WHAT TO WORK ON: In your copy, drop the images and return each record exactly as it stands.
==== INFORMATION GIVEN
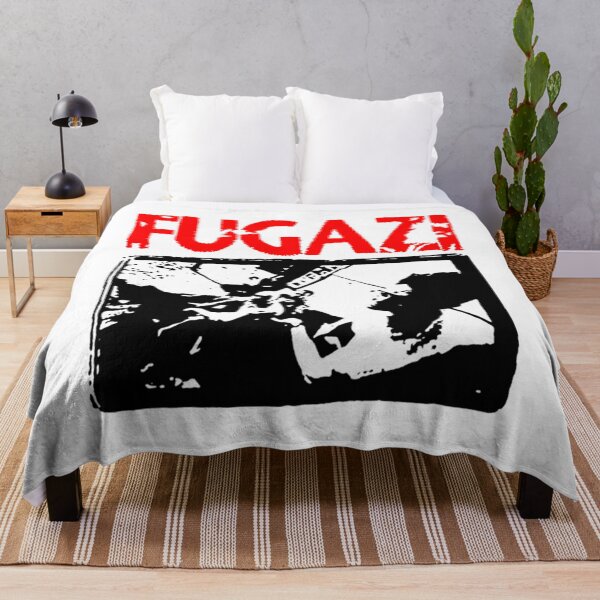 Item preview, F.u.g.a.z.i Silhouette Rock Band designed and sold by DragonessblueS.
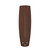 Kichler - 371015 - Blade Set - Accessory - Weathered Copper Powder Coat
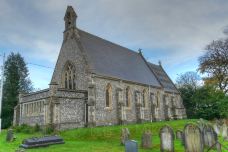 St. James Parish Church-Folkestone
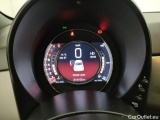  Fiat  500 Fiat  1.2 8v 69hp Rockstar 3d #79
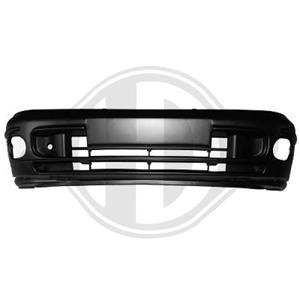 Fiat Bumper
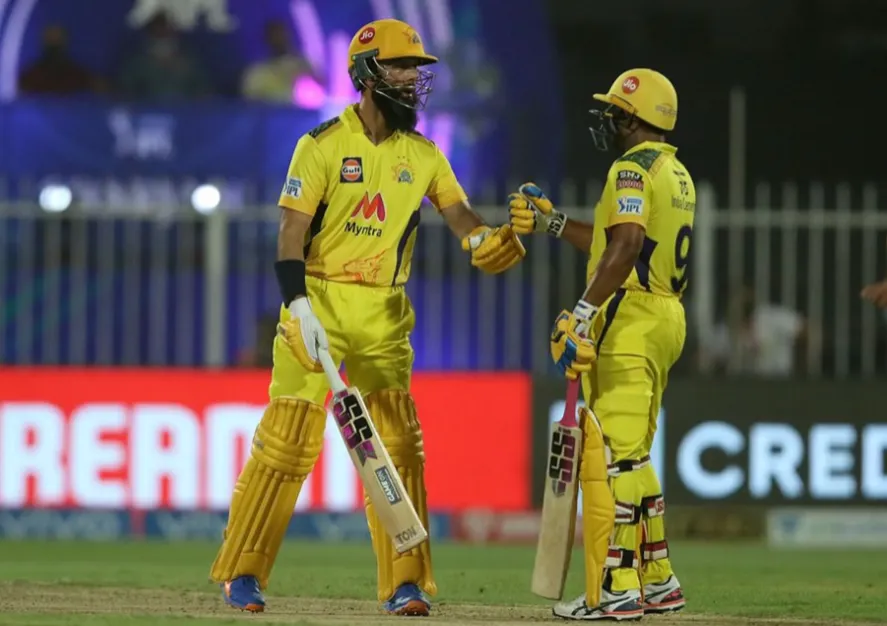 csk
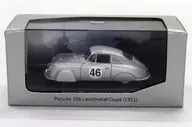 1/43 Porsche 356 Leichtmetall-Coupe 1951(シルバー) [WAP02004197]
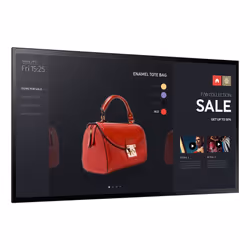 Samsung Full HD Interactive Display PMF-BC 55 pouces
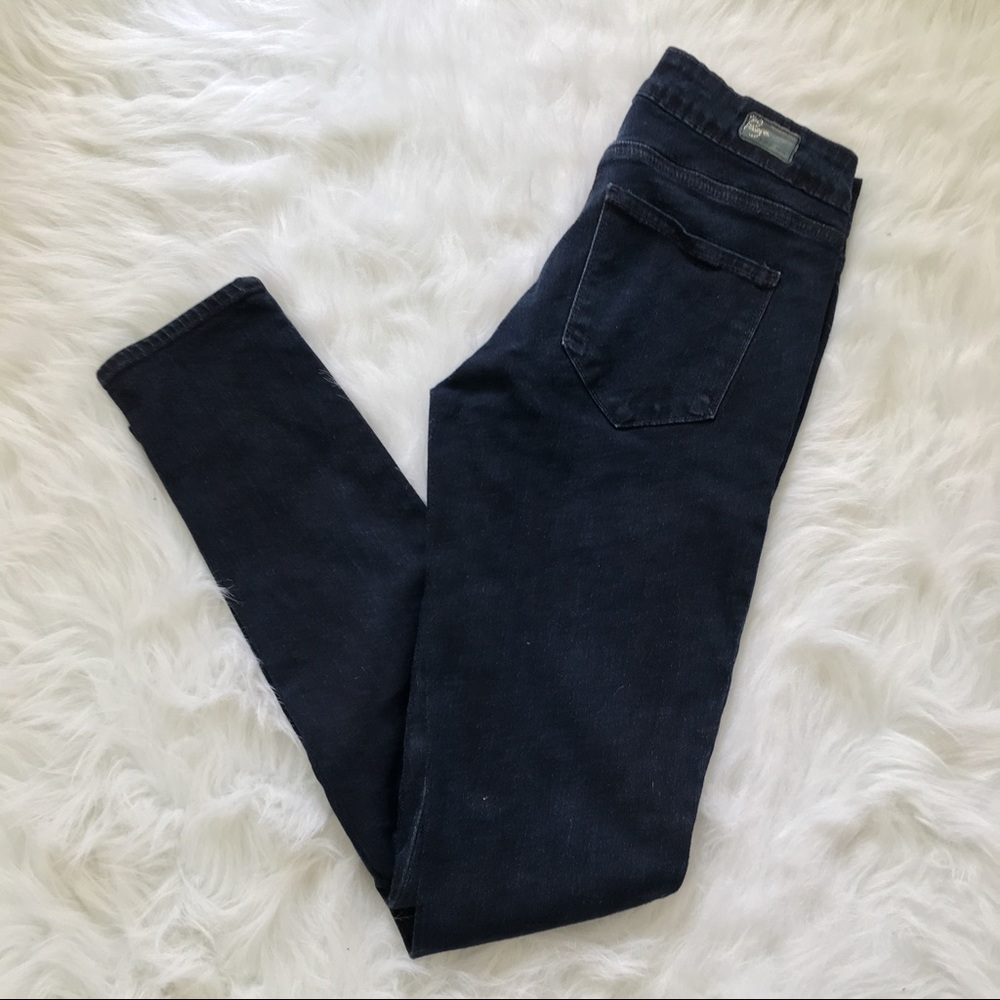Paige Rowena Legging Jean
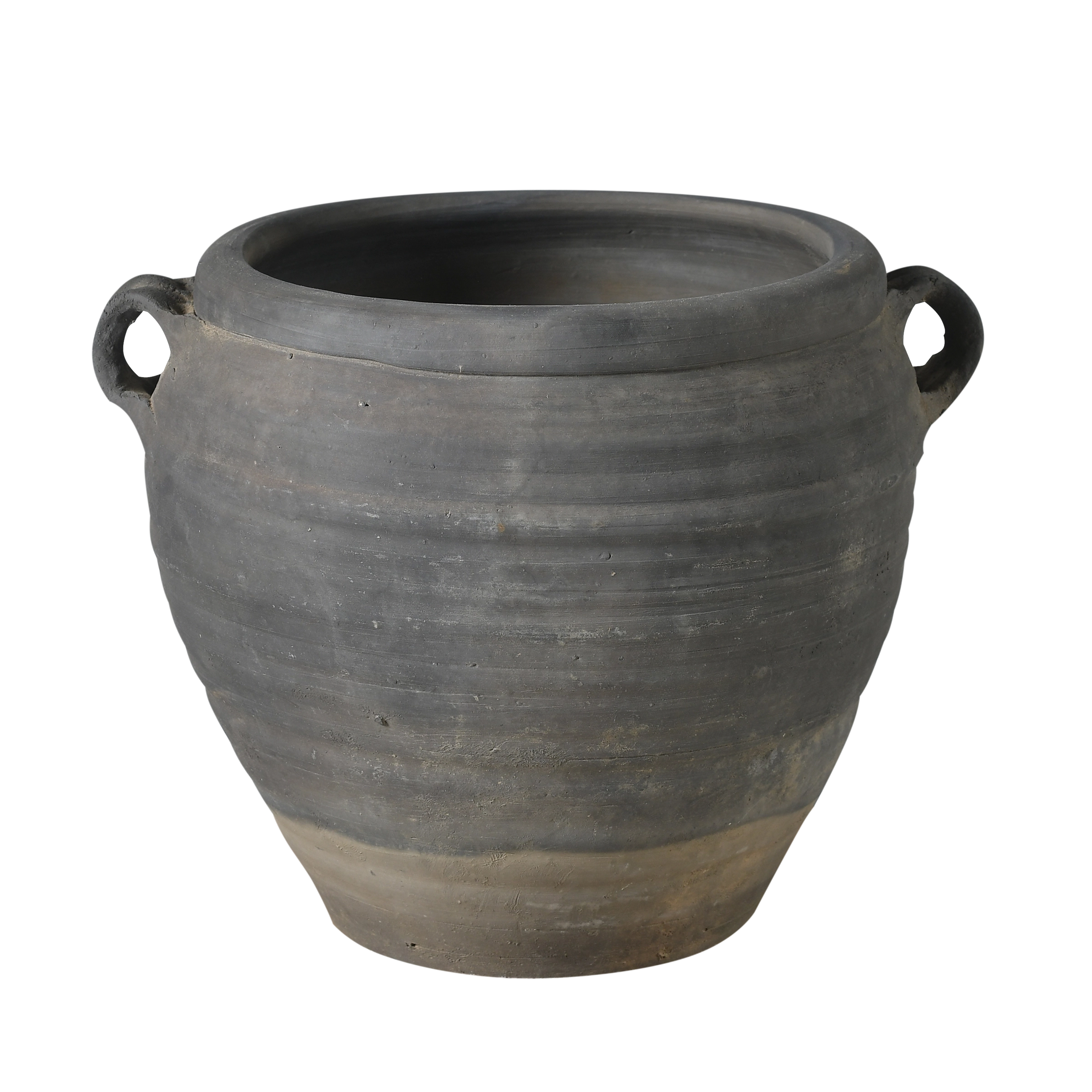 Xitang - Pot chinois en terre cuite n°4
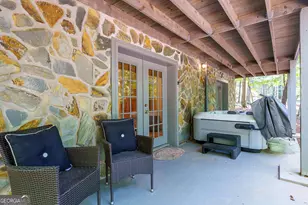 46 Gooseberry Trail, Blue Ridge, GA 30513 - Photo 44
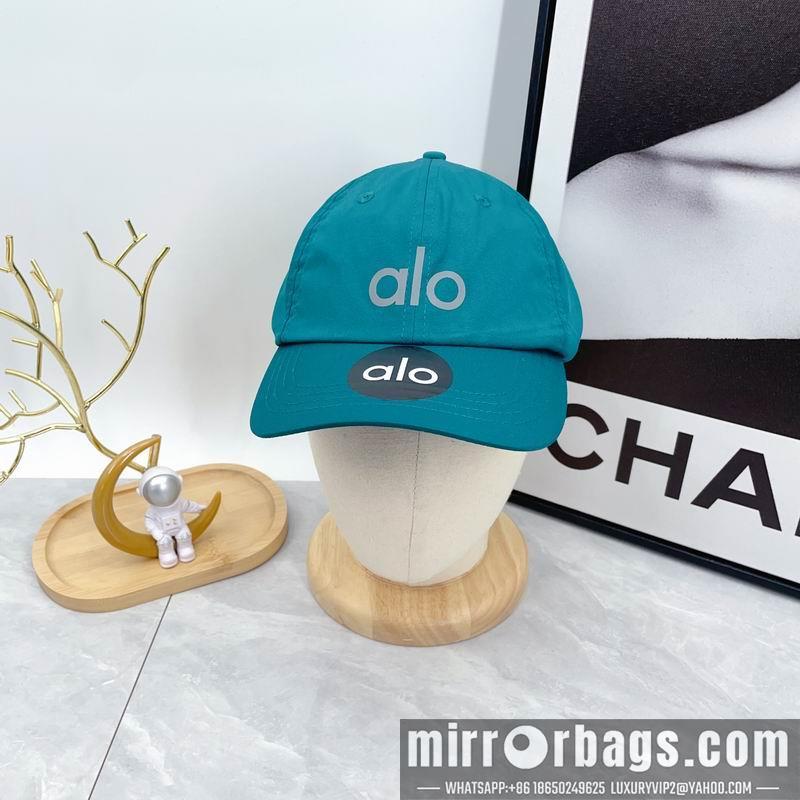 Alo Hat dx38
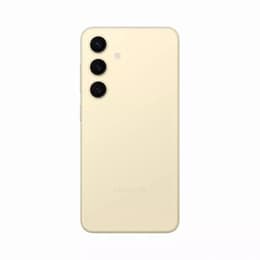 Galaxy S24 FE 256 Go - Jaune - Débloqué
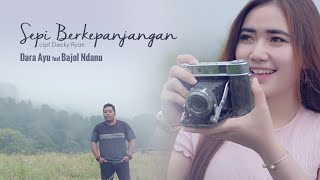 Download lagu Dara Ayu Ft. Bajol Ndanu - Sepi Berkepanjangan ( Reggae Version) mp3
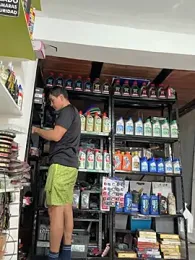 Paul22cm- webcam model stream image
========
EXPECTED ANSWER:
 Item preview, F.u.g.a.z.i Silhouette Rock Band designed and sold by DragonessblueS.
 Kichler - 371015 - Blade Set - Accessory - Weathered Copper Powder Coat
 St. James Parish Church-Folkestone
  Fiat  500 Fiat  1.2 8v 69hp Rockstar 3d #79
 Fiat Bumper
 csk
 1/43 Porsche 356 Leichtmetall-Coupe 1951(シルバー) [WAP02004197]
 Samsung Full HD Interactive Display PMF-BC 55 pouces
Paige Rowena Legging Jean
 Xitang - Pot chinois en terre cuite n°4
 46 Gooseberry Trail, Blue Ridge, GA 30513 - Photo 44
 Alo Hat dx38
 Galaxy S24 FE 256 Go - Jaune - Débloqué
 Download lagu Dara Ayu Ft. Bajol Ndanu - Sepi Berkepanjangan ( Reggae Version) mp3
 Paul22cm- webcam model stream image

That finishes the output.